Fastx trims bases with quality below a threshold. Although for Illumina this algorithm may be okay, it is not so robust as the phred or the bwa algorithm. There are also a variety of window-based trimming methods. The problem with these algorithms is that they have more parameters and thus less flexible. My feeling is they are also harder to implement if we want to achieve the speed and quality of the phred or bwa algorithm (although I have not tried).

I have just added quality based trimming in seqtk. It uses the Phred algorithm to trim both ends. If after trimming, the read length is below 30 (by default), it tries to find a 30bp window with the highest sum of quality.

Seqtk is much faster than the existing stand-alone trimmers. It takes 46 CPU seconds to trim a fastq with 100 million lines, while fastx_quality_trimmer takes more than 500 CPU seconds - over 10 times slower. A trimmer in Python/Perl should be even slower as scripting languages are usually very inefficient to loop through each character in a string. You may try.

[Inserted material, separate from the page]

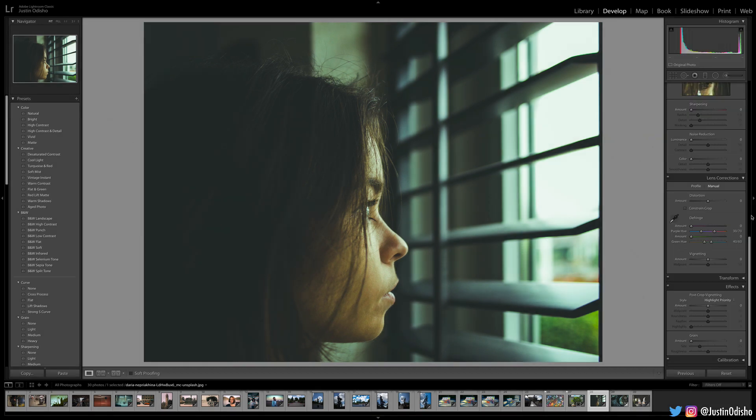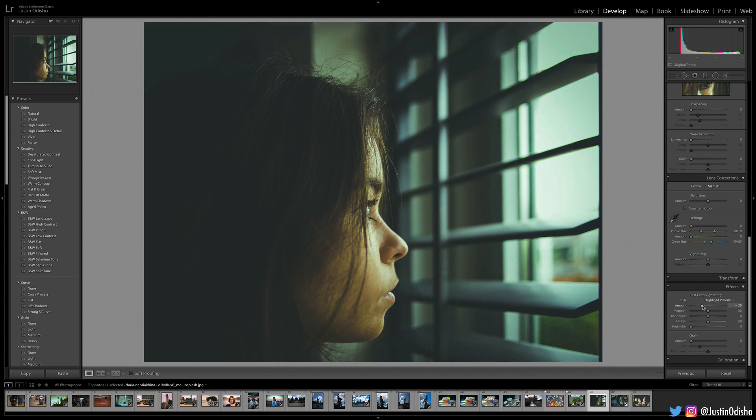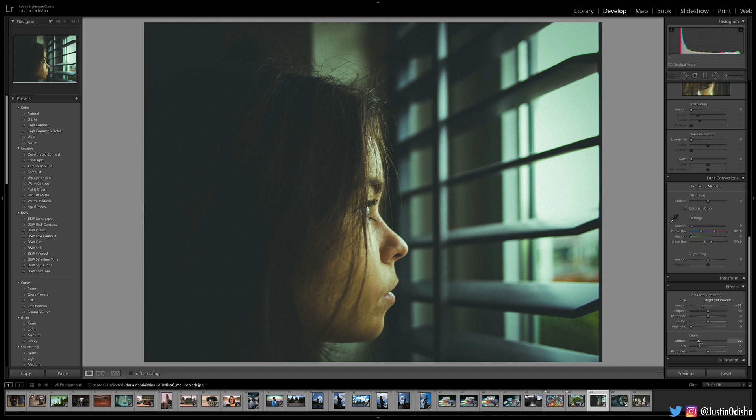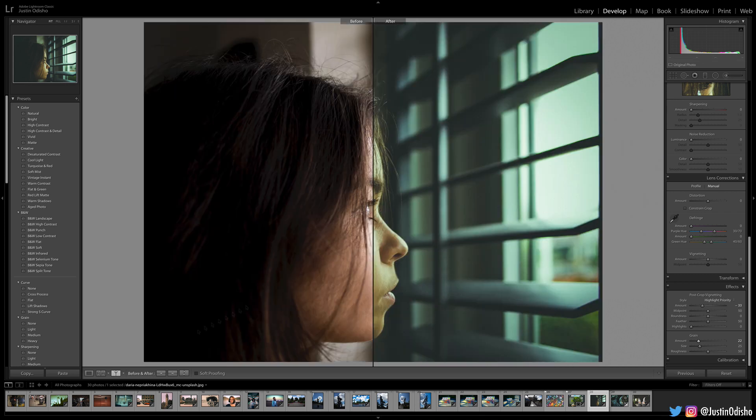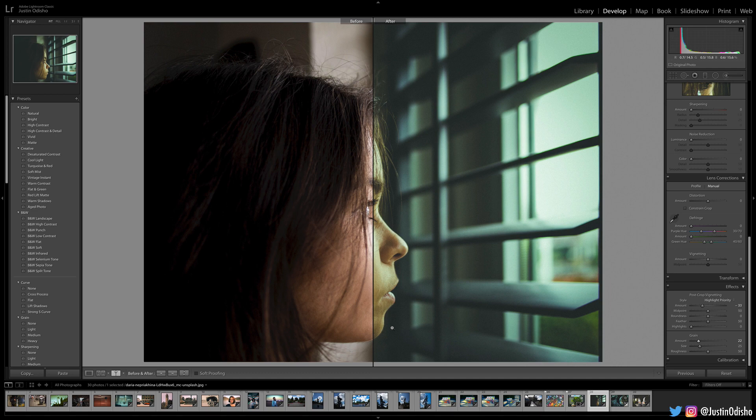From there, you're basically done. I suppose if you want, you can see what a vignette might look like or maybe a little bit of noise and grain on your photo, depending on if it had it already. But we've gone from a pretty neutral contrasted color to a more moody VSCO or film type of edit.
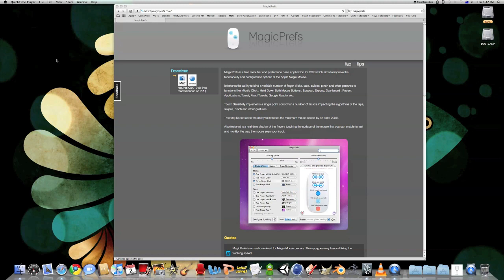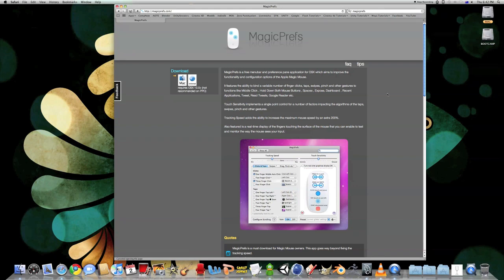Hi, I'm Jason and this is how to get middle-click on your Magic Mouse. First, what you want to do is download this MagicPrefs utility.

Ram · Answer 4 · 2012-01-17

I wrote my own Perl subroutine. The arguments for the subroutine are the shuffled fastq file and a hash reference with options. The options are: numcpus, min_quality (for trimming only), bases_to_trim (max bases that will be trimmed on either side), min_avg_quality, and min_avg_quality_window (window of bases to average together). There are defaults for each of these options. It returns a reference to an array consisting of fastq paired entries (8 lines per array element).

The subroutine relies on two subroutines that you can write on your own: logmsg which prints out a status message, and LKUtils::getNumCPUs() which doesn't matter if you supply the number of CPUs.

So, I can't say that this is the best piece of work, and it lacks a way to take care of singletons like the UC Davis software. However, it looks like it is working, and it is kind of fast because of multithreading. Taking care of singletons in a large dataset could be a minor issue. Because I am not the best programmer ever and because I only tested it a little, any feedback is appreciated.